*** Opening Information shown ***
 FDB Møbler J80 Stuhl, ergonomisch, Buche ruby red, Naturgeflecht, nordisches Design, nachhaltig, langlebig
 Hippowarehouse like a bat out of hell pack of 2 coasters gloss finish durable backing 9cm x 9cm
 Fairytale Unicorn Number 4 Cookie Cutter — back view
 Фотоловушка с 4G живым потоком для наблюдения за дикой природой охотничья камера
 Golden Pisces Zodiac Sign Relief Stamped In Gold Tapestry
*** Closing Information shown ***
*** Opening Information shown ***
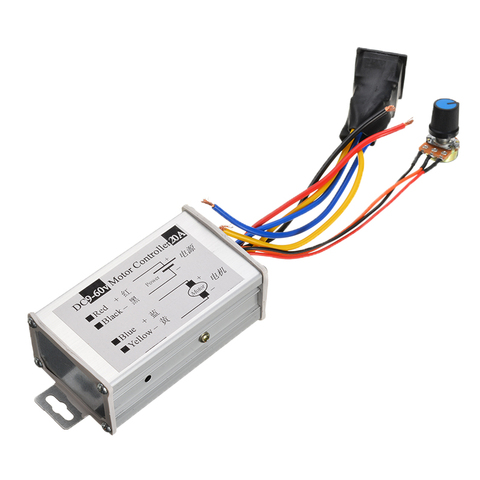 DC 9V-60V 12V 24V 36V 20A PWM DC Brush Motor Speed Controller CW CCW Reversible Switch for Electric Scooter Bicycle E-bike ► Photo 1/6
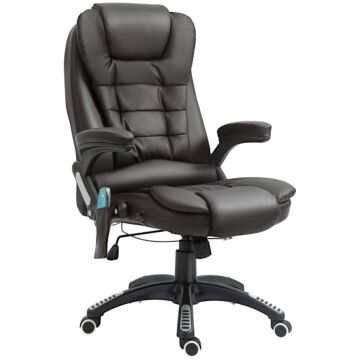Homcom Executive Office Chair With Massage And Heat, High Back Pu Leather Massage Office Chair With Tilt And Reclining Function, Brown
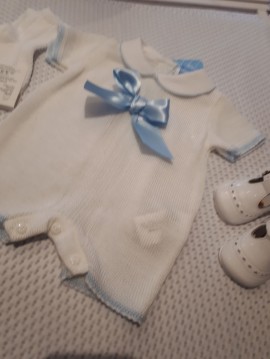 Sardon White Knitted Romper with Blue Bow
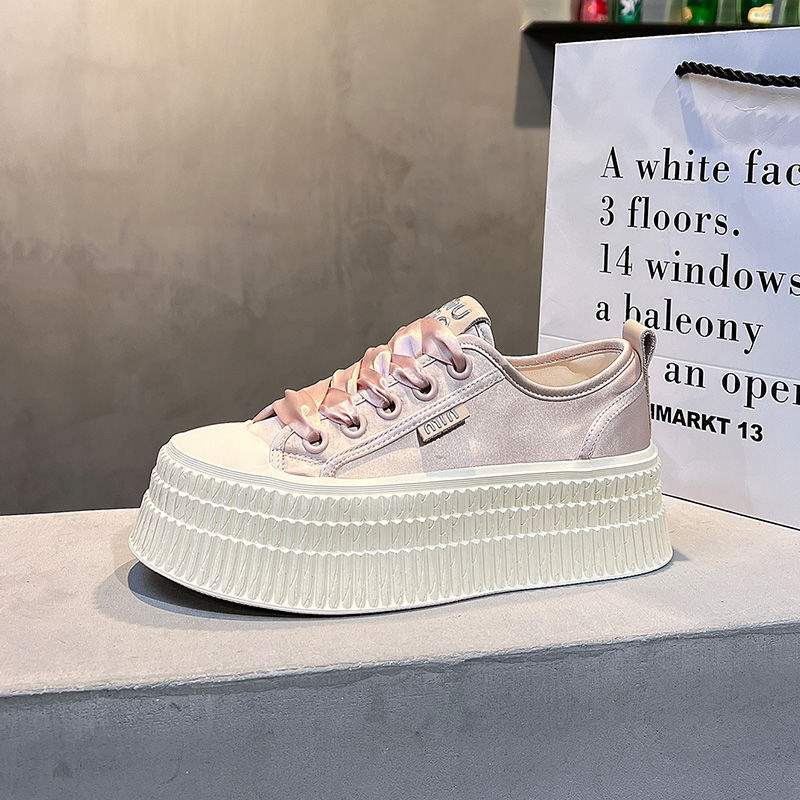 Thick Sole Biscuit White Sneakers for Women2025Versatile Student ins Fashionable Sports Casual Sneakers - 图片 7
*** Closing Information shown ***
• _What is expected_
Once the line with "FDB Møbler J80" is found in the records above, print exactly that line and every line after it through the line with "Golden Pisces Zodiac".

• _Expected answer_
 FDB Møbler J80 Stuhl, ergonomisch, Buche ruby red, Naturgeflecht, nordisches Design, nachhaltig, langlebig
 Hippowarehouse like a bat out of hell pack of 2 coasters gloss finish durable backing 9cm x 9cm
 Fairytale Unicorn Number 4 Cookie Cutter — back view
 Фотоловушка с 4G живым потоком для наблюдения за дикой природой охотничья камера
 Golden Pisces Zodiac Sign Relief Stamped In Gold Tapestry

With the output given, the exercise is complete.